Can two elliptic isometries generate a free group

free-groupsgroup-theoryhyperbolic-geometry

Standard applications of the ping-pong lemma can be used to show that two hyperbolic isometries or two parabolic isometries of $\mathbb{H}^2$ generate a free group. (Assuming they have disjoint fixed points and after passing to high enough powers, of course.)

I'm wondering if it's ever possible for two elliptic isometries to generate a free group (rank $2$). Clearly they would have to be irrational rotations about different fixed points. The action of each rotation on the boundary of $\mathbb{H}^2$ has dense orbits, so the standard ping-pong argument doesn't go through.

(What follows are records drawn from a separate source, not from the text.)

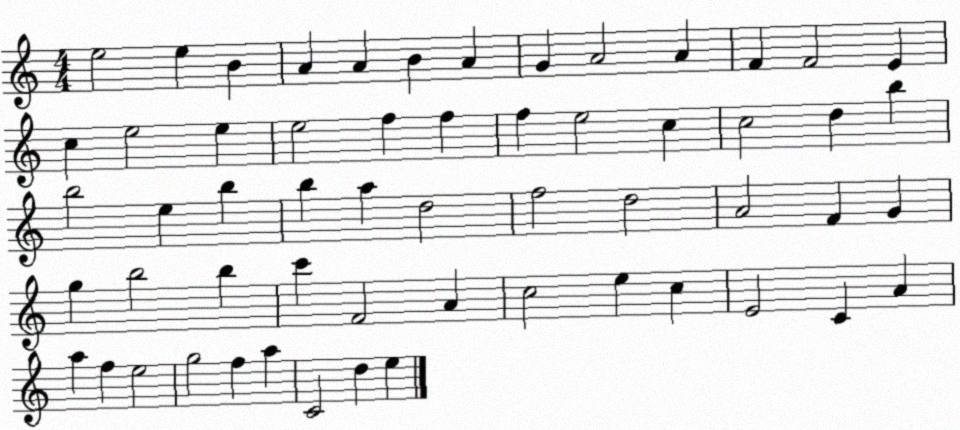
X:1
T:Untitled
M:4/4
L:1/4
K:C
e2 e B A A B A G A2 A F F2 E c e2 e e2 f f f e2 c c2 d b b2 e b b a d2 f2 d2 A2 F G g b2 b c' F2 A c2 e c E2 C A a f e2 g2 f a C2 d e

If they don't generate a free group, is there a (preferably geometric) way to see where a relation would come from?

Best Answer

Here is an indirect proof. Let $G$ denote $SL(2, {\mathbb R})$. Then given any nonempty reduced word $w$ in the alphabet $\{x_1^{\pm 1}, x_2^{\pm 1}\}$, we have a map $$ P_w: G\times G\to G $$ sending $(g_1, g_2)$ to $w(g_1, g_2)$ (you substitute $g_i$ for $x_i$, $i=1, 2$). The map $P_w$ is polynomial in terms of the matrix coefficients of $g_1, g_2$. Since $P_w^{-1}(\{\pm 1\})\ne G\times G$ (as $G$ contains rank 2 free subgroups), it follows that each $X_w=P_w^{-1}(\{\pm 1\})$ is a closed subset with empty interior in $G\times G$. Thus, by Baire's theorem, the union $$ X:= \bigcup_{w} X_w $$ has empty interior in $G\times G$. (The union is taken over all nonempty reduced words $w$.) The subset $E\subset G$ consisting of matrices projecting to nontrivial elliptic elements of $PSL(2, {\mathbb R})$ is open (and, of course, nonempty). It follows that $E\times E$ has nonempty intersection with $$ G\times G \setminus X. $$ Every $(g_1, g_2)\in E\times E \setminus X$ will project to a pair of elliptic isometries of ${\mathbb H}^2$ generating a free subgroup of rank 2 in $PSL(2, {\mathbb R})$.